Short text fragments from websites
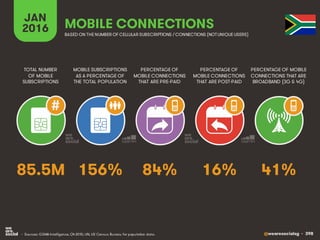 @wearesocialsg • 398
JAN
2016
MOBILE SUBSCRIPTIONS
AS A PERCENTAGE OF
THE TOTAL POPULATION
TOTAL NUMBER
OF MOBILE
SUBSCRIPTIONS
PERCENTAGE OF
MOBILE CONNECTIONS
THAT ARE PRE-PAID
PERCENTAGE OF
MOBILE CONNECTIONS
THAT ARE POST-PAID
PERCENTAGE OF MOBILE
CONNECTIONS THAT ARE
BROADBAND (3G & 4G)
MOBILE CONNECTIONS
BASED ON THE NUMBER OF CELLULAR SUBSCRIPTIONS / CONNECTIONS (NOTUNIQUE USERS)
• Sources: GSMA Intelligence, Q4 2015; UN, US Census Bureau for population data.
#
156% 41%84% 16%85.5M
 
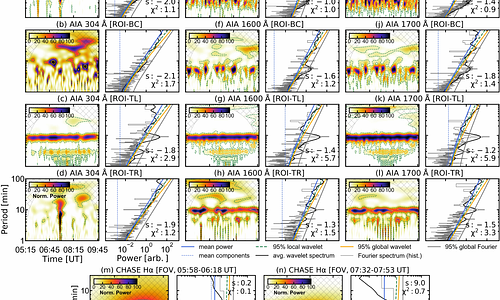 Anomalously Strong Localized First Ionization Potential Effect Associated with a Solar Subflare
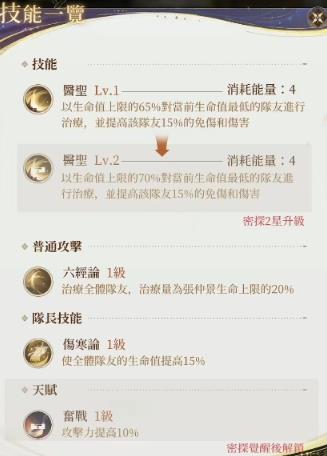 代号鸢张仲景技能怎么样 代号鸢张仲景技能一览介绍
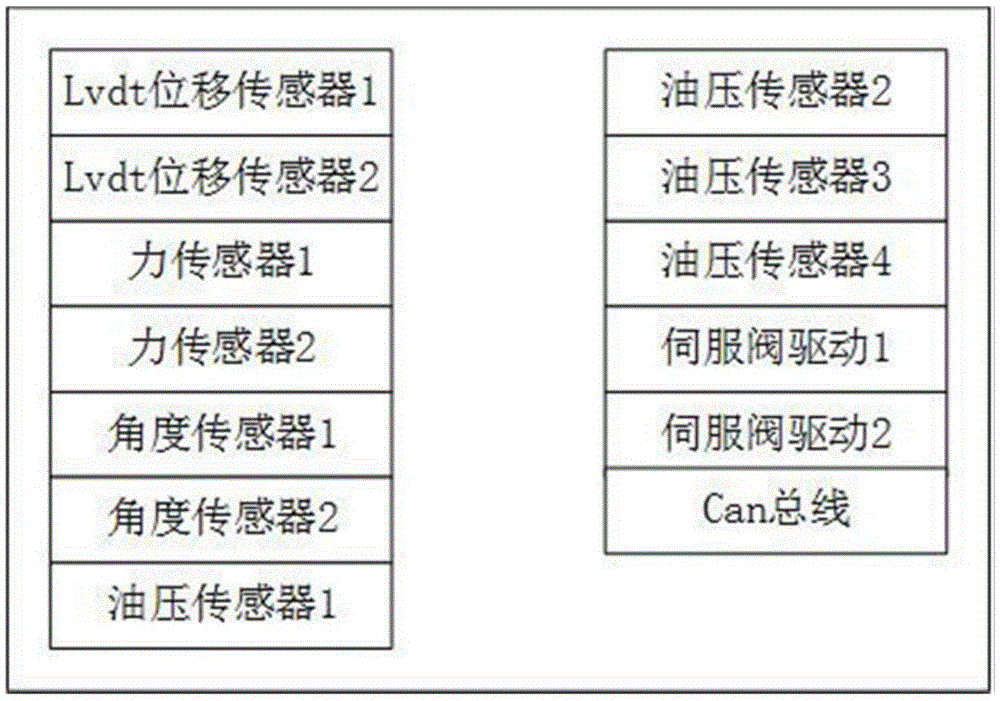 一种机器人关节控制器的制作方法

• _TRY IT_
The lines from the one holding "TOTAL NUMBER" to the final line of the entries are to be duplicated exactly, and the pictures are to be left out.

• _YOUR RESPONSE_
TOTAL NUMBER
OF MOBILE
SUBSCRIPTIONS
PERCENTAGE OF
MOBILE CONNECTIONS
THAT ARE PRE-PAID
PERCENTAGE OF
MOBILE CONNECTIONS
THAT ARE POST-PAID
PERCENTAGE OF MOBILE
CONNECTIONS THAT ARE
BROADBAND (3G & 4G)
MOBILE CONNECTIONS
BASED ON THE NUMBER OF CELLULAR SUBSCRIPTIONS / CONNECTIONS (NOTUNIQUE USERS)
• Sources: GSMA Intelligence, Q4 2015; UN, US Census Bureau for population data.
#
156% 41%84% 16%85.5M
 
 Anomalously Strong Localized First Ionization Potential Effect Associated with a Solar Subflare
 代号鸢张仲景技能怎么样 代号鸢张仲景技能一览介绍
 一种机器人关节控制器的制作方法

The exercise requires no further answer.